## [What is required]
Search the data for the word "travel" and copy out every line that has it.

Data provided section start

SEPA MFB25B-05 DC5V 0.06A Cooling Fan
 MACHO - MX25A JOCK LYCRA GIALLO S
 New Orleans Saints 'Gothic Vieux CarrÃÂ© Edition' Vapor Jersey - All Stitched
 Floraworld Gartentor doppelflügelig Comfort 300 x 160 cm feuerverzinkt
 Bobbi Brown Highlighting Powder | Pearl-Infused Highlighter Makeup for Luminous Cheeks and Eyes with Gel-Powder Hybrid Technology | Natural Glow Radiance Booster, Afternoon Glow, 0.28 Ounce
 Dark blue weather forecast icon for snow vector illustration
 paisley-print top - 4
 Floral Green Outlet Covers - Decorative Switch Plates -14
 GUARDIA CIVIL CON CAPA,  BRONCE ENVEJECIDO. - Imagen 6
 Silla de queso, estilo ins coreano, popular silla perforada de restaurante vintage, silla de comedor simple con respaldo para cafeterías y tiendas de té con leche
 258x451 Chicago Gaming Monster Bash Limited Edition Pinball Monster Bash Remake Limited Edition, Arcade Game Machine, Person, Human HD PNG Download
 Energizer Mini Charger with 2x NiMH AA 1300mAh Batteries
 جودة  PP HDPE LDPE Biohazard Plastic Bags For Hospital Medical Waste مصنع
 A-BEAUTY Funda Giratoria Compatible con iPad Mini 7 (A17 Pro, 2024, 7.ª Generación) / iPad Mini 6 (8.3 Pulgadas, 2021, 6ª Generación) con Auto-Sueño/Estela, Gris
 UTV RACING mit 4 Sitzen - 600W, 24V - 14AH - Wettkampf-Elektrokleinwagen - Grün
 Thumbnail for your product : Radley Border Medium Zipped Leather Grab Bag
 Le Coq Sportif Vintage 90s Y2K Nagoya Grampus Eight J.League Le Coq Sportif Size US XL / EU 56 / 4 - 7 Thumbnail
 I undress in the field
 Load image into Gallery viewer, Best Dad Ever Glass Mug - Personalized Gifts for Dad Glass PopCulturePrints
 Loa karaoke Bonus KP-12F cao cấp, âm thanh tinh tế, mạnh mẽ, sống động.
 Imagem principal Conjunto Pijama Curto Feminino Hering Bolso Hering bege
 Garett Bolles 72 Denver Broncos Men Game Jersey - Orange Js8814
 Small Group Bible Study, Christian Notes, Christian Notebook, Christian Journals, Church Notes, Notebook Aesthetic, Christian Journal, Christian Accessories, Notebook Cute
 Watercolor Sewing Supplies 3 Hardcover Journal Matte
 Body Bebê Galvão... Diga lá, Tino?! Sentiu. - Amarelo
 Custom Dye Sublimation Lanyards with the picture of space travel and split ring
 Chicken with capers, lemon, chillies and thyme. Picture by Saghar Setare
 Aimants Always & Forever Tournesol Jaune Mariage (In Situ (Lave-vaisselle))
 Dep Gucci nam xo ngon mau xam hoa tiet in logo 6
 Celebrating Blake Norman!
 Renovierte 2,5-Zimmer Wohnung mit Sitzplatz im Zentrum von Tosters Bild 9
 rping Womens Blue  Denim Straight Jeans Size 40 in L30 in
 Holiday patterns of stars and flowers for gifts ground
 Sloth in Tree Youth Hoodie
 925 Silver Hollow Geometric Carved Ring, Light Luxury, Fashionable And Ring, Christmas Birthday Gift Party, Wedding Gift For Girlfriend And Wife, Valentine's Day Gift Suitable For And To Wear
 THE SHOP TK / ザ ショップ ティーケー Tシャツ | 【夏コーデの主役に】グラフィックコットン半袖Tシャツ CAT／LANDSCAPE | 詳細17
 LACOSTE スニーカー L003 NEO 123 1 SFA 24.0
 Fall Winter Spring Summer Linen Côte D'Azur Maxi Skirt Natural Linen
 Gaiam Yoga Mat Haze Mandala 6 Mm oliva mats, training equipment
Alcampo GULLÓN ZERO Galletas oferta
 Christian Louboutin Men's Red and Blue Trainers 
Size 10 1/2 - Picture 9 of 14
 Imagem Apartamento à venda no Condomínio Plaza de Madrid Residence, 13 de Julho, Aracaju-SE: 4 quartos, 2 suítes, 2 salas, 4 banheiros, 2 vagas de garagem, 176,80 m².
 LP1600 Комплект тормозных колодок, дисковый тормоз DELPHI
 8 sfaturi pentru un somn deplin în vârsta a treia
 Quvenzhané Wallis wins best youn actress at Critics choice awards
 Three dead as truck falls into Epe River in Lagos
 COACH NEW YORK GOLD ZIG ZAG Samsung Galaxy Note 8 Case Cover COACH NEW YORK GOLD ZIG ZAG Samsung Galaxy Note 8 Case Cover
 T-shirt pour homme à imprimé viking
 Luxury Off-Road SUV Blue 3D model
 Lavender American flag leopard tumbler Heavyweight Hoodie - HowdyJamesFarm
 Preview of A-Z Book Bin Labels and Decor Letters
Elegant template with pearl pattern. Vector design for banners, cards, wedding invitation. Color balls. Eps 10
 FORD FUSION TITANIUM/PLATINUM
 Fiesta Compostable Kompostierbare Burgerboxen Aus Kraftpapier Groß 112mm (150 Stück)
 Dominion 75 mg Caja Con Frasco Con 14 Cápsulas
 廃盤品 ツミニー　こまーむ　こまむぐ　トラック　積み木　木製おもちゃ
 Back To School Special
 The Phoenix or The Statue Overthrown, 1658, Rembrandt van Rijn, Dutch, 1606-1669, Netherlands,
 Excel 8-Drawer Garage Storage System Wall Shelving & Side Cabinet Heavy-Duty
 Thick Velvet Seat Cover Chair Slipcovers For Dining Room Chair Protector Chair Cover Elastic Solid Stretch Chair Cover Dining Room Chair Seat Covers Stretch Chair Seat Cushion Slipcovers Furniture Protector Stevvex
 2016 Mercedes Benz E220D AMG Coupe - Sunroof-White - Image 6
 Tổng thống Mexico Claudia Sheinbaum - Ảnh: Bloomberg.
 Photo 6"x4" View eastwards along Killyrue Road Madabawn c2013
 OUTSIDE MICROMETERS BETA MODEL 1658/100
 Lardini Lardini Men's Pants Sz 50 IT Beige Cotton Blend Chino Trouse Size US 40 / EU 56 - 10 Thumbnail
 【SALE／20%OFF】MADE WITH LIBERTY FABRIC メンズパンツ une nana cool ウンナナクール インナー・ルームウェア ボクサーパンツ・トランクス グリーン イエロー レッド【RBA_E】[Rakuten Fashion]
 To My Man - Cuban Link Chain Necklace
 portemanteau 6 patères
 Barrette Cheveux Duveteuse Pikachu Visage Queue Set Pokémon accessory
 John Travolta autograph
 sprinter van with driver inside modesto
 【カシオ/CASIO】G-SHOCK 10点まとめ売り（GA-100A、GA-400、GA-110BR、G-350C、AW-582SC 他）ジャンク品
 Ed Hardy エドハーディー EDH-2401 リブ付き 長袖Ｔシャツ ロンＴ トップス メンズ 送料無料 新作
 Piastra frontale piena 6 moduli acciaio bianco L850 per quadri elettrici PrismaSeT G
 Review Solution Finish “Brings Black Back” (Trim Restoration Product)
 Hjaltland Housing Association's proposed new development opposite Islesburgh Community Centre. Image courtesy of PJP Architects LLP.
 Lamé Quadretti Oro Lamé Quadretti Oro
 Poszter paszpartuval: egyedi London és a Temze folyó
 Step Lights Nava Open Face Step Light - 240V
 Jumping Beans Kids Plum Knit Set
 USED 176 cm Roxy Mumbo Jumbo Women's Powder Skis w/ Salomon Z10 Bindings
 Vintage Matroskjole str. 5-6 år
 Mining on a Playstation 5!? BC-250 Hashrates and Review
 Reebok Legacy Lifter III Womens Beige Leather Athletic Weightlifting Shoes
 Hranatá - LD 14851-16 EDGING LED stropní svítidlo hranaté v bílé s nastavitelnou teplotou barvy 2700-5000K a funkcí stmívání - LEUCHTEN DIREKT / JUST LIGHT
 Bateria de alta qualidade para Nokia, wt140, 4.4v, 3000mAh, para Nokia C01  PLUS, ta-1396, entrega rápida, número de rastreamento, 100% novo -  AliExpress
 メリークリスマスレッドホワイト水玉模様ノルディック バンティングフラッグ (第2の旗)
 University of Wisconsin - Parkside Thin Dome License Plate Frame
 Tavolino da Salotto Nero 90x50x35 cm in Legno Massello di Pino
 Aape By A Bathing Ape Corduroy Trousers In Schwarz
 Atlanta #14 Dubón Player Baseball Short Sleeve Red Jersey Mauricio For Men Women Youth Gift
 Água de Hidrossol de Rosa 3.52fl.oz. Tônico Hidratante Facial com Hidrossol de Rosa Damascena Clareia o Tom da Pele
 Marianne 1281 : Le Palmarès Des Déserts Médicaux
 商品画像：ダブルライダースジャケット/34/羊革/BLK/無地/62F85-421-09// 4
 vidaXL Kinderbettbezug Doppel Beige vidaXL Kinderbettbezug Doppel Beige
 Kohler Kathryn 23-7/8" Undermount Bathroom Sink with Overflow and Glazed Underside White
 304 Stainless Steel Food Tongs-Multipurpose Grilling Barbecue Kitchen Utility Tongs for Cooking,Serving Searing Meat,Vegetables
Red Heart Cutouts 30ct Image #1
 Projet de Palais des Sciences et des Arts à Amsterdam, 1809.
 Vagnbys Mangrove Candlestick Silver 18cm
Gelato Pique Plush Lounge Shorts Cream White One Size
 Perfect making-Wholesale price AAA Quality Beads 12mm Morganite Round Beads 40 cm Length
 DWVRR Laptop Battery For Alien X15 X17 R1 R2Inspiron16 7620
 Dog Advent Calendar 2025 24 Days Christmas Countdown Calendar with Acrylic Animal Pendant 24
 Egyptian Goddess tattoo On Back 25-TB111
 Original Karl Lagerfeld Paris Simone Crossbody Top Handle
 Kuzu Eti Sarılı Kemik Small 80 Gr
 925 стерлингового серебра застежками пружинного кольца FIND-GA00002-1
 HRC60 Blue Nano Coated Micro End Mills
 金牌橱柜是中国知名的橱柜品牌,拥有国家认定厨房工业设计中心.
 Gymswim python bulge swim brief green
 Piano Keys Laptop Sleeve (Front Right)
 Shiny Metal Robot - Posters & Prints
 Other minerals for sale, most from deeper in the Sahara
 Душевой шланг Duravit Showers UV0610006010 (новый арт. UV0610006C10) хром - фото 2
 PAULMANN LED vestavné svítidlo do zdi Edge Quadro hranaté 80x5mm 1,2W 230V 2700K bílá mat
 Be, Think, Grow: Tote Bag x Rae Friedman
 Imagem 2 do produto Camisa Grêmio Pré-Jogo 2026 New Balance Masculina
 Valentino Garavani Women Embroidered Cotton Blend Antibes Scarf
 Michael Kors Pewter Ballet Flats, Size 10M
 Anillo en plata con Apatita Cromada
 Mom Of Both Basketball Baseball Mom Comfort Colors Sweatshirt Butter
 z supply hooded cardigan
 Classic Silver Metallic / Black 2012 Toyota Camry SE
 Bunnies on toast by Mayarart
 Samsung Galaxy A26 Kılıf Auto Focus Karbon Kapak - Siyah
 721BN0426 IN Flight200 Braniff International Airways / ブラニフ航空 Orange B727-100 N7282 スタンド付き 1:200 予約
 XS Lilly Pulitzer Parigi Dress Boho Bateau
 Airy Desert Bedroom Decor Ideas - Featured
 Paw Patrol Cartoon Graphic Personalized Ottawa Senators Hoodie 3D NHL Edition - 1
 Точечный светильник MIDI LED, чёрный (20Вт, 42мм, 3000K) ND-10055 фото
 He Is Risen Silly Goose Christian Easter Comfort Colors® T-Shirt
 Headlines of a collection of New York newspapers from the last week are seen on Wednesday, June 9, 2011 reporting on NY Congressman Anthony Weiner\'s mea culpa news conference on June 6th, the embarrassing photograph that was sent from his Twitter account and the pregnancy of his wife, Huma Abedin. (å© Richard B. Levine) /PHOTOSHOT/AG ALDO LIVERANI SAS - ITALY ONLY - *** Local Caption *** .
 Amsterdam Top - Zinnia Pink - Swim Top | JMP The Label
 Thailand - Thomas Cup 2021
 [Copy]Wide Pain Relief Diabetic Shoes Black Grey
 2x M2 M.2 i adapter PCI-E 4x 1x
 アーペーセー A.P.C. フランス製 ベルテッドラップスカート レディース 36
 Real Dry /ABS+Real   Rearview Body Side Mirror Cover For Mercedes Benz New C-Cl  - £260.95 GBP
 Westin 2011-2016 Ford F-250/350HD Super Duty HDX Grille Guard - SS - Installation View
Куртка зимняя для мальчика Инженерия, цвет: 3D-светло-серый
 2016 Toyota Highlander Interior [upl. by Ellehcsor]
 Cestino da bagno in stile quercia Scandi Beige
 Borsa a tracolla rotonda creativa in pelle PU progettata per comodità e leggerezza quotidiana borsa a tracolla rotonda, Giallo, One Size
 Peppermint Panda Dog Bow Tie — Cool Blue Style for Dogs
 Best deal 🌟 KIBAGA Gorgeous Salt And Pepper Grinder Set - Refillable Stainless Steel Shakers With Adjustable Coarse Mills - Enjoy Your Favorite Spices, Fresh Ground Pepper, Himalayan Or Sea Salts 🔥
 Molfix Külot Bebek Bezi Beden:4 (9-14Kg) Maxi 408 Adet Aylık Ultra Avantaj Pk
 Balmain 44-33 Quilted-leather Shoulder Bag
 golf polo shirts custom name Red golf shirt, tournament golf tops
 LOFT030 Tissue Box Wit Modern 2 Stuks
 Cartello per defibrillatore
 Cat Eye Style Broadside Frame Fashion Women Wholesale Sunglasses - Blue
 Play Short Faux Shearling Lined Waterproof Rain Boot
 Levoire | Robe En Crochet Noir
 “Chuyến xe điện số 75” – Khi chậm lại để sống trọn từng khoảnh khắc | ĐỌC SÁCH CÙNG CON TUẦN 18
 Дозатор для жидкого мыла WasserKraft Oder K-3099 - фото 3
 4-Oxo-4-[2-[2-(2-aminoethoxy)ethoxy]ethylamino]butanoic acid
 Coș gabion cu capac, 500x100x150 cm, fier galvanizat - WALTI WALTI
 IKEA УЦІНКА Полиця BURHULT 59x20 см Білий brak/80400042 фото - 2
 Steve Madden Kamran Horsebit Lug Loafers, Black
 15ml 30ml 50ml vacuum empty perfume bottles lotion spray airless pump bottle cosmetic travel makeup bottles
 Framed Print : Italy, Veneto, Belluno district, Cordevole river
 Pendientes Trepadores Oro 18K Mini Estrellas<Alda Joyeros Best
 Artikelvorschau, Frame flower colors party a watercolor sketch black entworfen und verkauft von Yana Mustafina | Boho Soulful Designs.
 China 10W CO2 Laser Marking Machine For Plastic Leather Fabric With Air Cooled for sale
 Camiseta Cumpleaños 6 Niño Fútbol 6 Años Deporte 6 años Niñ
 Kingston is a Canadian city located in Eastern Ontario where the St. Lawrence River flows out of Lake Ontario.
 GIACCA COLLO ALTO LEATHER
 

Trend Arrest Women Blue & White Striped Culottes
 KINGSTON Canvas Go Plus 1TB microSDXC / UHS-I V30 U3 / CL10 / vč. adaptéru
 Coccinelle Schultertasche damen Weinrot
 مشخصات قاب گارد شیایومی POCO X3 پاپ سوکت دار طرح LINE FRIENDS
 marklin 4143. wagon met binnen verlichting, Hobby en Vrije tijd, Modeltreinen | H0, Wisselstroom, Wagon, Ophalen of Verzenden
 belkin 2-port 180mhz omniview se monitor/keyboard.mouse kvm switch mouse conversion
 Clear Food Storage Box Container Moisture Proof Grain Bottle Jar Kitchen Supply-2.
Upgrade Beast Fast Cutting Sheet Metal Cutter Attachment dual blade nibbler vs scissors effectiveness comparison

Data provided section end

## [Solution to this task]
 Custom Dye Sublimation Lanyards with the picture of space travel and split ring
 15ml 30ml 50ml vacuum empty perfume bottles lotion spray airless pump bottle cosmetic travel makeup bottles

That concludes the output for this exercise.